> [Stored items]:
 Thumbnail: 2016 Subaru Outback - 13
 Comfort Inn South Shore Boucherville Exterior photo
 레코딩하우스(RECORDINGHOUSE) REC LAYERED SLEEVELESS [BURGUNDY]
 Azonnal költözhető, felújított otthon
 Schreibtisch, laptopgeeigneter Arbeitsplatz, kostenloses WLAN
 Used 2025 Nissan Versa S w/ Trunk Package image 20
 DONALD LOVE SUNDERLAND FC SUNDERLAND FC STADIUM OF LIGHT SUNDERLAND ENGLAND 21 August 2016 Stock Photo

> [AIM OF THE EXERCISE]: Write the records out again so that each one matches the original exactly.

> [TASK ANSWER]:
 Thumbnail: 2016 Subaru Outback - 13
 Comfort Inn South Shore Boucherville Exterior photo
 레코딩하우스(RECORDINGHOUSE) REC LAYERED SLEEVELESS [BURGUNDY]
 Azonnal költözhető, felújított otthon
 Schreibtisch, laptopgeeigneter Arbeitsplatz, kostenloses WLAN
 Used 2025 Nissan Versa S w/ Trunk Package image 20
 DONALD LOVE SUNDERLAND FC SUNDERLAND FC STADIUM OF LIGHT SUNDERLAND ENGLAND 21 August 2016 Stock Photo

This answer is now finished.